Minguito, sete anos de idade, vive na rua há um ano e passa o dia a mendigar “o pão” à porta de estabelecimentos comerciais.

O petiz conta que saiu de perto da sua parentela devido aos maus-tratos de que sofria, alegadamente infligidos pela madrasta com quem vive, desde que a sua progenitora partiu para a eternidade “a minha mãe morreu e eu vim viver aqui com os meus amigos, agora estamos aqui (referia-se ao jardim mercado).

Agora, meu cota, me arranja só 50 Kz, para eu comprar pão”, pediu o rapaz com um aspecto de quem não comia há alguns dias. Todavia, o órgão de quem se esperava que tirasse essas crianças da rua, nos termos das suas atribuições (que passa pela protecção à criança), o INAC, no caso, admite não dispor de recursos para fazer face à demanda.

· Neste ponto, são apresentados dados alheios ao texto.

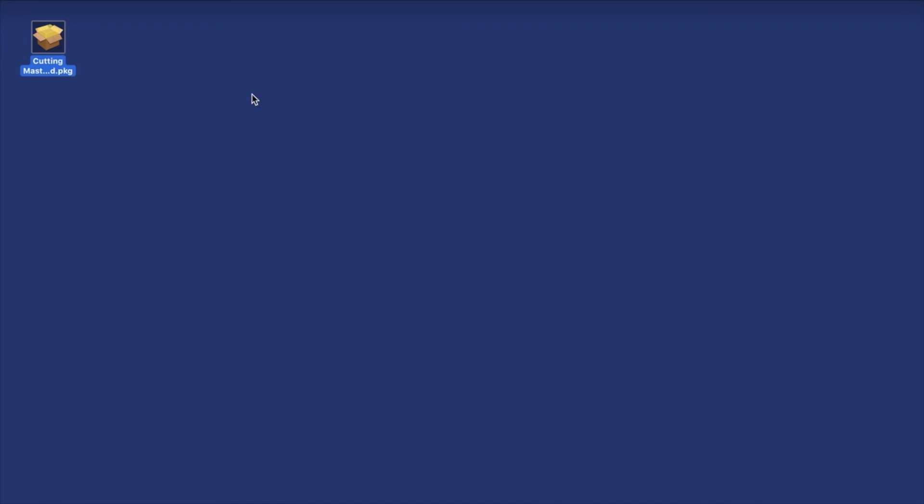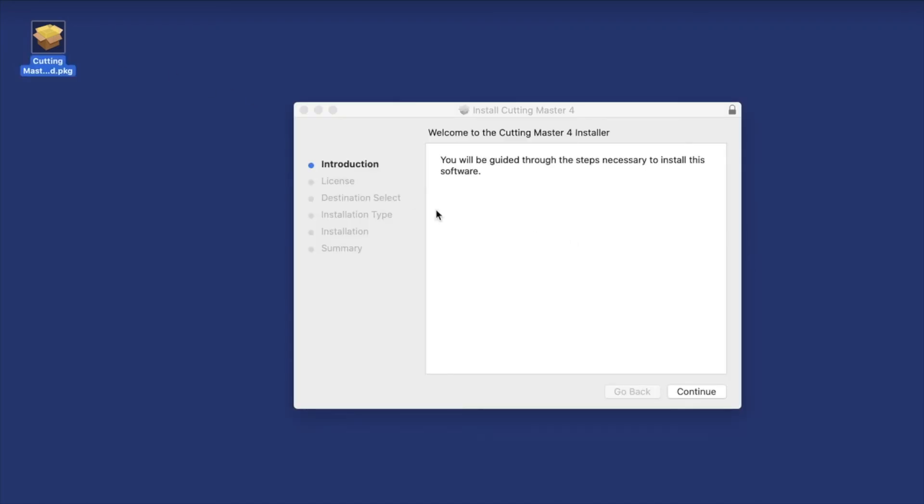Once downloaded, double-click on the downloaded file, and then just follow the prompts.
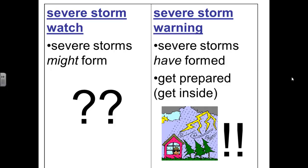When you're watching the weather forecast and you hear that there is a severe storm watch, that means that severe thunderstorms with high winds and hail might form — they aren't there yet. When you hear that there is a severe storm warning, you know that severe thunderstorms have formed and you should prepare for them. Get inside as soon as possible.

Conforme noticiou o OPAÍS na sua edição de 5 de Junho, a repartição provincial do Instituto Nacional da Criança (INAC), em Benguela, há sete anos que está desprovida de recursos humanos e materiais para realizar parte dos trabalhos de apoio às crianças de rua.

A directora provincial interina do Instituto Nacional da Criança em Benguela, Rosa Francisco, admitia que a repartição já foi mais activa, contudo, de 21 passaram para apenas seis funcionários. Ciente das atrocidades de que as crianças de (e na) rua são vítimas diariamente, a directora disse que antes faziam rondas, recordando que já não o fazem há cerca de sete anos.

Naquela altura, o departamento tinha orçamento para fazer patrulhas nocturnas e distribuía cobertores às crianças no Cacimbo, estando, desse jeito, expostas a doenças, porquanto o INAC, a instituição do Estado a quem cabe zelar pelos interesses dos petizes, debate-se com “escassez de pessoal e de meios”.